But what about next time? Who is going to explain, in 1976, that all the people who felt they got burned in ’72 should “try again” for another bogus challenger? Four years from now there will be two entire generations—between the ages of twenty-two and forty—who will not give a hoot in hell about any election, and their apathy will be rooted in personal experience. Four years from now it will be very difficult to convince anybody who has gone from Johnson-Goldwater to Humphrey-Nixon to Nixon-Muskie that there is any possible reason for getting involved in another bullshit election.
This is the gibberish that churned in my head on the drive back from Manchester. Every now and then I would pass a car with New Hampshire plates and the motto “Live Free or Die” inscribed above the numbers.

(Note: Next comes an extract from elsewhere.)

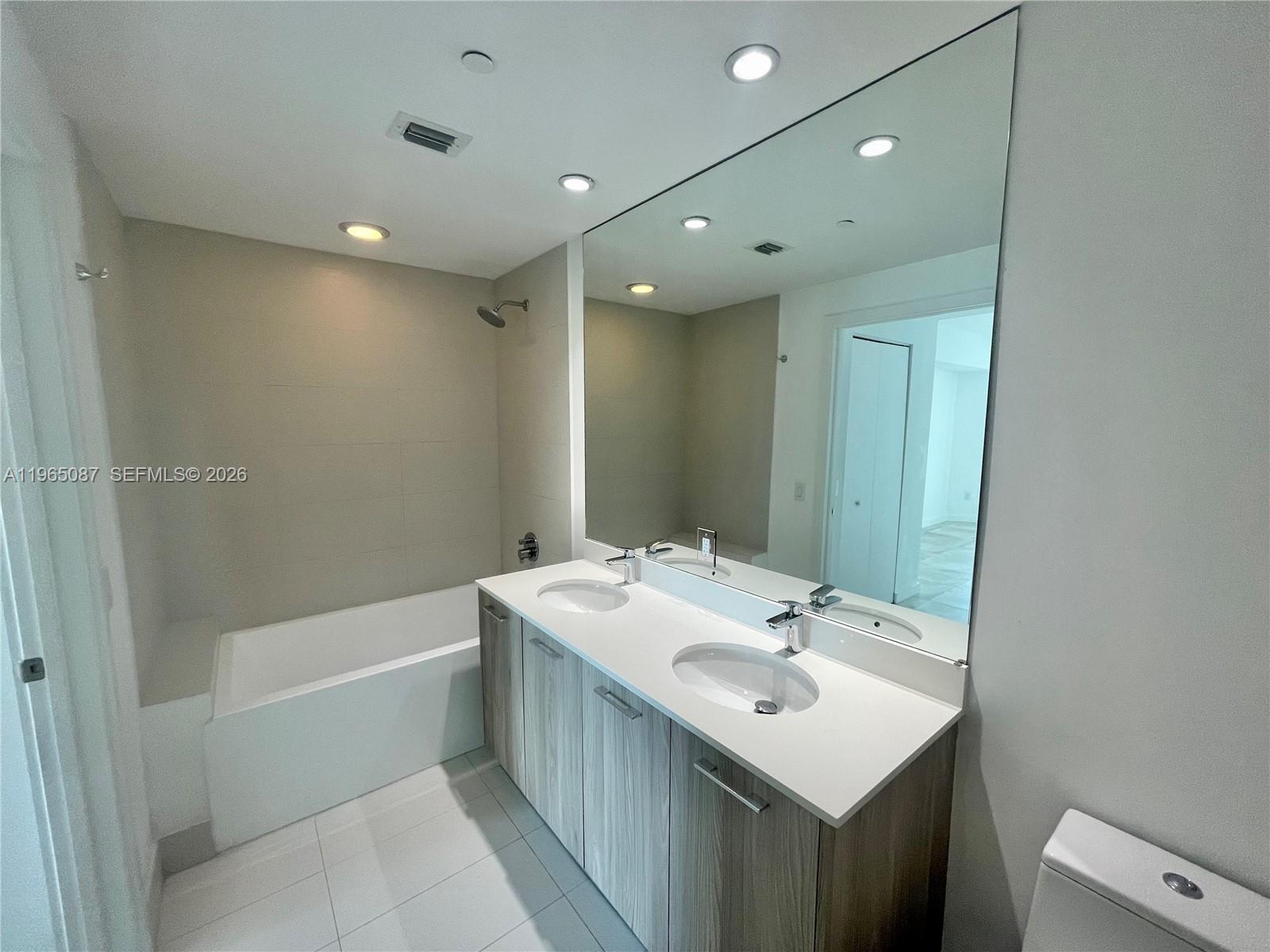 501 Northeast 31st Street, Unit 3007 Miami, FL 33137 - Photo 10 of 14 a bathroom with a sink vanity tub and shower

The highways are full of good mottoes. But T. S. Eliot put them all in a sack when he coughed up that line about . . . what was it? Have these dangerous drugs fucked my memory? Maybe so. But I think it went something like this:
“Between the Idea and the Reality . . . Falls the Shadow.”
The Shadow? I could almost smell the bastard behind me when I made the last turn into Manchester. It was late Tuesday night, and tomorrow’s schedule was calm. All the candidates had zipped off to Florida—except for Sam Yorty, and I didn’t feel ready for that.
The next day, around noon, I drove down to Boston. The only hitchhiker I saw was an eighteen-year-old kid with long black hair who was going to Reading—or “Redding,” as he said it—but when I asked him who he planned to vote for in November, he looked at me like I’d said something crazy.
“What election?” he asked.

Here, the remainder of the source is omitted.